*** DATA FOR PROCESSING ***
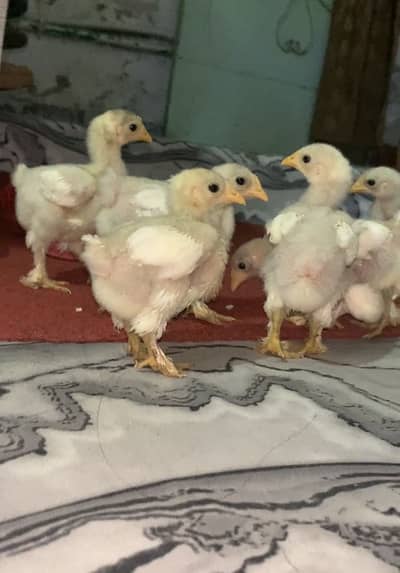 Bantam Chicks for Sale in Lahore | 1 Month Old | Healthy & Active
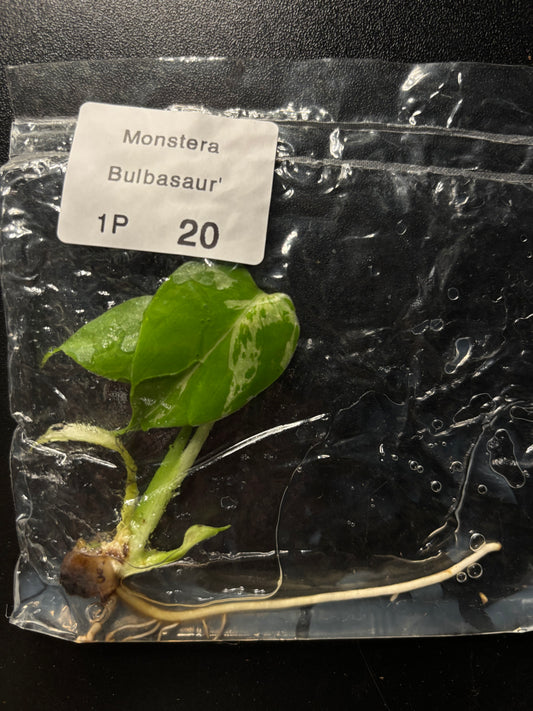 Rare* Monstera bulbasaur growers choice tissue culture plant ships in 3-4 weeks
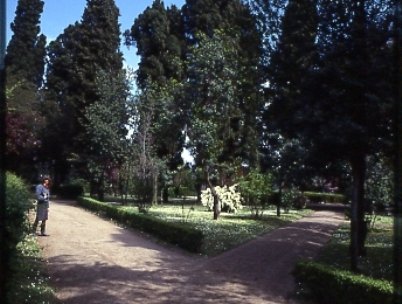 PS9 0168OFGiardiniParticViale757.jpg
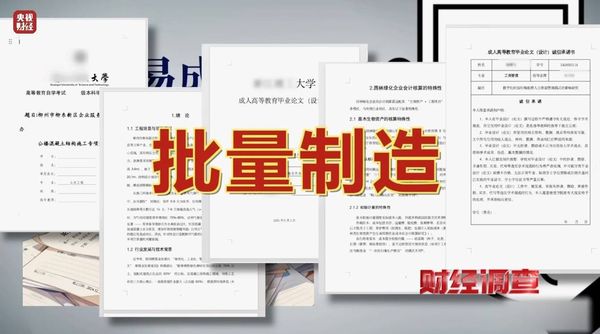 ▲▼大陸「槍手」用AI代寫論文。（圖／翻攝央視財經）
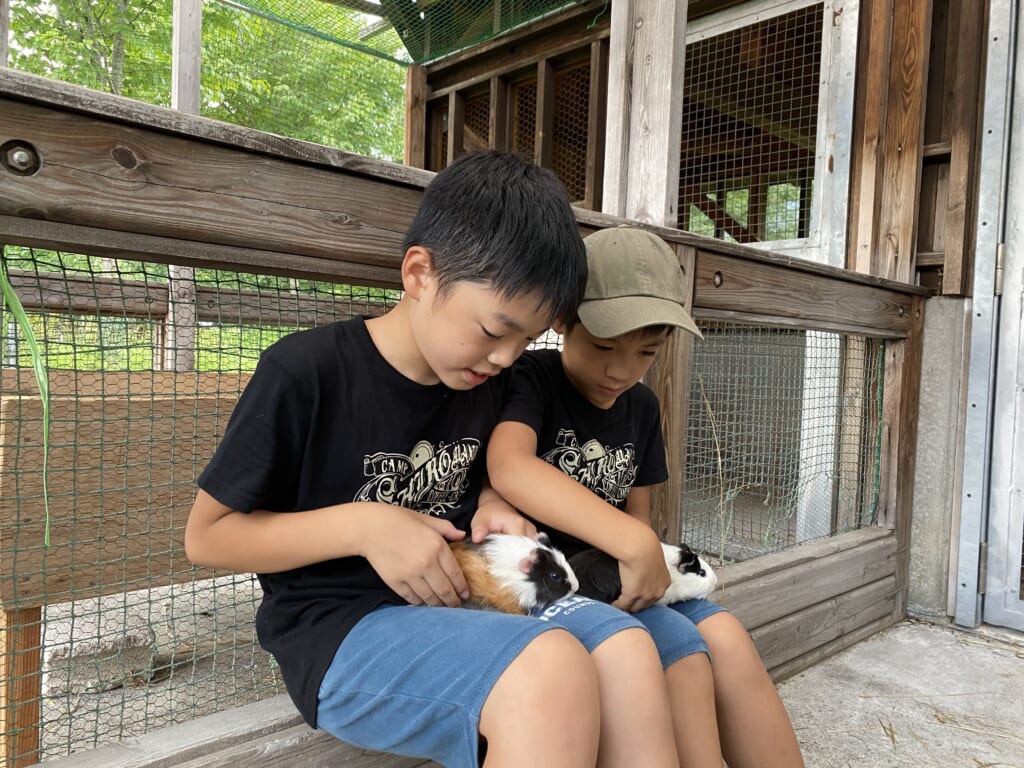 戸隠キャンプ場で小動物とふれあい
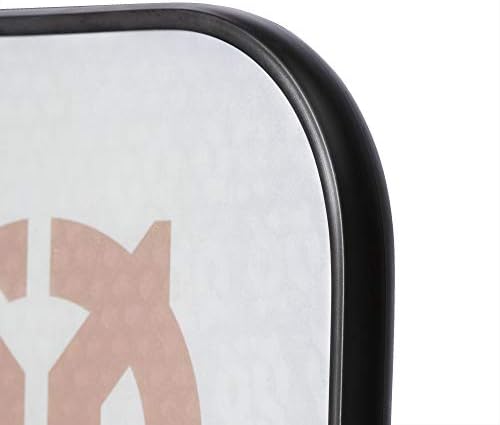 Onix Evoke Premier Professional Tournament Pickleball Paddle - Composite Face for Peak Performance | Onix Evoke Premier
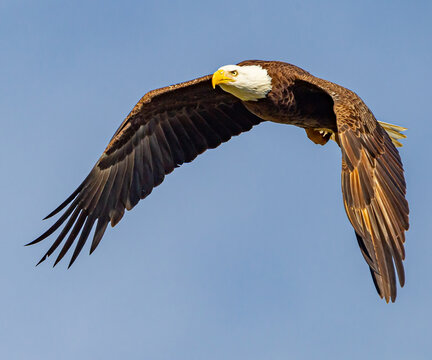 Flying from right to left, the American balled eagle with wings shaped in classic composeer'ss pose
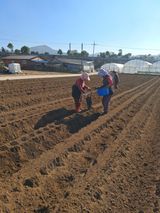 팜모닝 감자·자유게시판 게시글 이미지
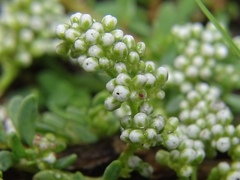 Corrigiola litoralis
*** End of DATA FOR PROCESSING ***
EXERCISE
Pictures aside, return all the entries above exactly.

TASK ANSWER
 Bantam Chicks for Sale in Lahore | 1 Month Old | Healthy & Active
 Rare* Monstera bulbasaur growers choice tissue culture plant ships in 3-4 weeks
 PS9 0168OFGiardiniParticViale757.jpg
 ▲▼大陸「槍手」用AI代寫論文。（圖／翻攝央視財經）
 戸隠キャンプ場で小動物とふれあい
 Onix Evoke Premier Professional Tournament Pickleball Paddle - Composite Face for Peak Performance | Onix Evoke Premier
 Flying from right to left, the American balled eagle with wings shaped in classic composeer'ss pose
 팜모닝 감자·자유게시판 게시글 이미지
 Corrigiola litoralis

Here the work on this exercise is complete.